Contudo, ainda dentro da cartilha da Igreja, não nega e nem confirma as aparições da Santa. Argumento com ele de que Igreja prega o espiritual, o sobrenatural, os milagres. A Bíblia está cheia de manifestações divinas. Então por que o cuidado no caso presente? Politicamente, Pe. Dixon responde que pretende esperar o carimbo oficial da Igreja. Não quer que a Igreja endosse um show que promova turismo e não fortaleça a fé.

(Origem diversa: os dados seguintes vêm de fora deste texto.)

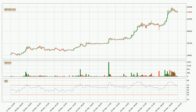Jumping to the hourly relative strength index, the current hourly RSI of 66 is located in the upper region, meaning that the price is being overbought and we can expect a comeback or for the price to remain on track for some time.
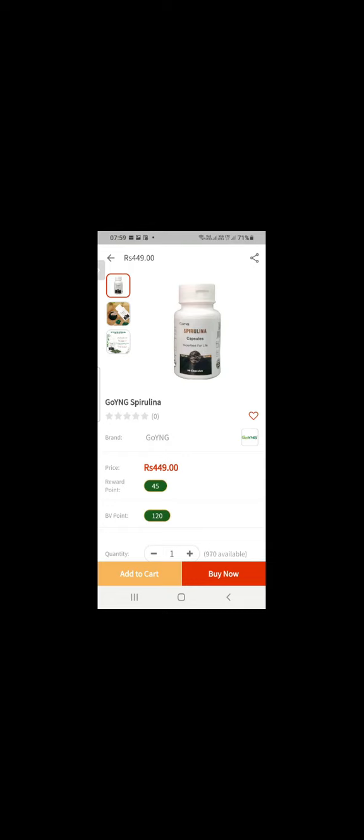Very clear. First of all, liver cleansing, then kidney cleansing. Okay. Liver, kidney cleansing.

Deixou claro, mais uma vez, que não quer ser um empecilho para o reconhecimento oficial das aparições por parte da Igreja. Fez uma recomendação no final: “Felizes os que não viram e creram. Cristo continua sendo o centro de nossas vidas.

O Local das aparições

No pequeno hotel em que me hospedei (não há grandes hotéis) orientaram-me procurar a dona Rosa Vilaça Coutinho, uma espécie de zeladora do local, que no entanto tem sua residência próximo à prefeitura e que, entre outras coisas, tem a chave da capelinha que foi construída obedecendo instruções da própria Mãe de Jesus. Ela estava ocupada, por isso seu irmão Jesus do Socorro Coutinho, me acompanhou até o local.

Cabeça da Cobra

As aparições começaram em 1994 num local de fácil acesso. Uma faixa de terra alta que vai em direção ao paraná, no meio de um mato de árvores finas, sinal de derrubada em épocas anteriores. A faxia de terra estreita-se um pouco mais para alargar-se no fim. Esse estreitamento tem o formato do pescoço de uma cobra. Por isso o nome. Jesus do Socorro ia me mostrando o caminho: A capelinha com o Cristo Redentor; a imagem o Arcanjo Gabriel, que a própria Virgem mandou colocar e que foi roubada; a cruz, último marco antes de se chegar ao paraná; os bancos toscos onde o povo se acomoda para rezar ou, eventualmente assistir missa; o banco de alvenaria em frente à capela onde ele viu três crianças, vestidas como anjinhos, passarem de mãos dadas, cantando e desaparecendo em seguida; a fonte abençoada pela Virgem, que agora está submersa em conseqüência da cheia; restos do galpão onde chegou a funcionar uma pequena olaria, antes das aparições.

A Capela da Virgem

A capelinha, construída no meio do mato, atravessada numa estreita faixa de terra, é muito pequena. Mede em torno de 2 x 4 metros. O telhado no estilo chalé, hoje é coberto por telha de cimento amianto pintadas de vermelho. O traçado original foi definido pela própria virgem que determinou que fosse construída uma capela “igual as dos seringueiros”. Inicialmente foi feita com paredes e telhado de palha, mais tarde substituída por madeira e telhas. A porta está sempre trancada, caso não haja visitas. – “As ofertas deixadas pelos peregrinos dentro da capela são roubadas, se a gente não trancar” – explica Jesus.

Depois que ele destravou a porta, eu tirei os sapatos e entrei na minúscula capela. Piso de cimento queimado, sem tapetes, uma mesa, fazendo as vezes de altar, muitas flores artificiais de cores vivas e, é claro, a imagem de Nossa Senhora. Cabem dentro capela, talvez oito pessoas em pé. Não me ajoelhei, mas fiquei em atitude de respeito. Tentei fechar os olhos e sentir alguma vibração diferente. Não, estas coisas não funcionam comigo.

Lá fora perguntei ao Jesus se havia algum registro de batalhas ou de outras mortes naquele local. Ele responde que não. A versão dele, no entanto, é desmentida por seu irmão Daniel, que diz que lá pode ter havido embates, sim entre seringueiros e índios. No local em que foi construída a Capela do Cruzeiro, no momento da terraplenagem, foram encontrados objetos típicos de cemitérios indígenas. Além disso, o próprio terreno, por causa da localização, permite um alcance visual em muitos ângulos, coisa comum em aldeia indígena.